Manutenção da segurança da sociedade e do Estado
Nesses casos, a marcação como “sigiloso/oculto” determina restrição total do acesso externo às informações e restrição parcial do acesso interno a grupo de servidores com perfil específico (servidores da Secretaria Judiciária e servidores indicados por gabinetes de ministros). Despachos e decisões em processos sigilosos/ocultos não podem ser publicados. Não há previsão formal dos casos que devam ser marcados como sigilosos/ocultos pelo STF. As marcações são feitas, já a partir da autuação, em PPE (Prisão Preventiva para Extradição) e Extradições com pedido de prisão.

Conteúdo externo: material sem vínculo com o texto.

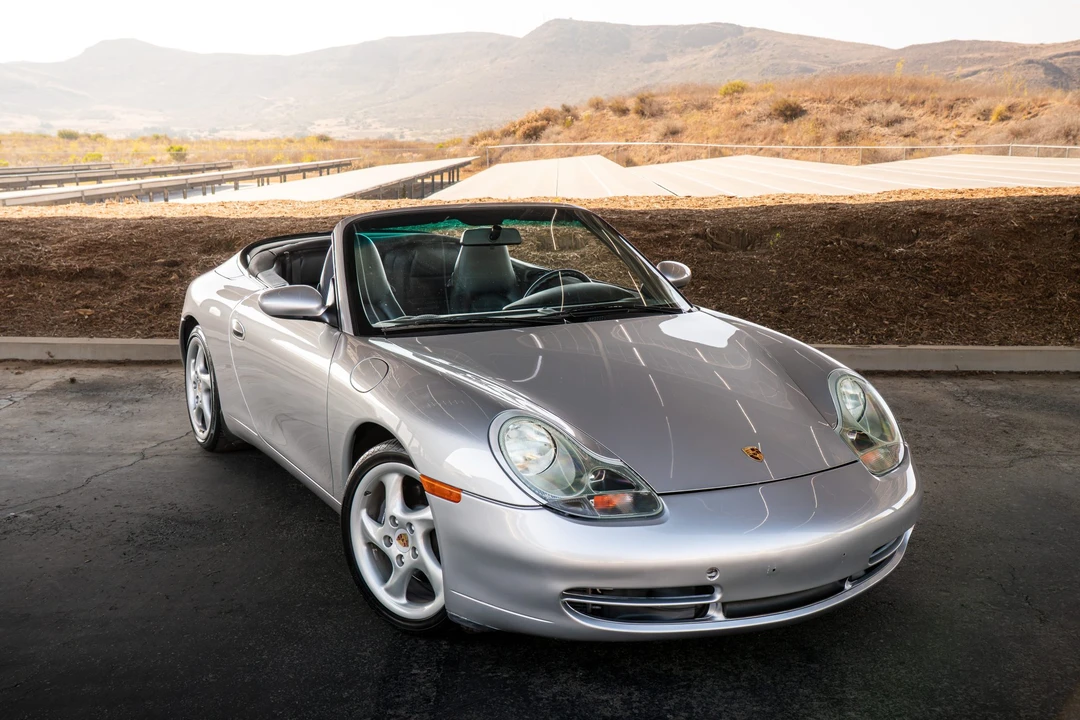 1999 Porsche 996 Carrera - Image 29 of 31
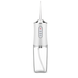 Ирригатор для полости рта ORAL IRRIGATOR 3 режима с насадками белый eve1282 фото 3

Outros casos criminais podem também ter status de sigiloso/oculto por determinação do ministro relator. A categoria é usada para impedir a divulgação de informações que possam comprometer o bom andamento de processos criminais. No caso de diligências, cuja divulgação possa comprometer seu cumprimento (casos em que haja mandado de prisão ou pedidos de interceptação telefônica, por exemplo), a Secretaria Judiciária pode juntar a peça somente depois que cumprida a diligência ou restringir o acesso a todo o processo.
Inquéritos
Como cabe ao relator do inquérito decidir sobre a decretação do segredo de justiça, o ministro Peluso determinou à Secretaria Judiciária que os inquéritos penais fossem primeiramente autuados somente com as iniciais dos investigados. Isso porque, se a Secretaria Judiciária já identificasse os investigados com o nome completo, ficaria frustrada eventual decretação de segredo de justiça por parte do relator. Assim, após a manifestação do relator os casos em que o segredo de justiça não é mantido têm as iniciais substituídas pelo nome completo dos investigados. Essa orientação aplica-se somente à classe processual Inquérito, e não atinge outras classes, como Habeas Corpus e Ação Penal.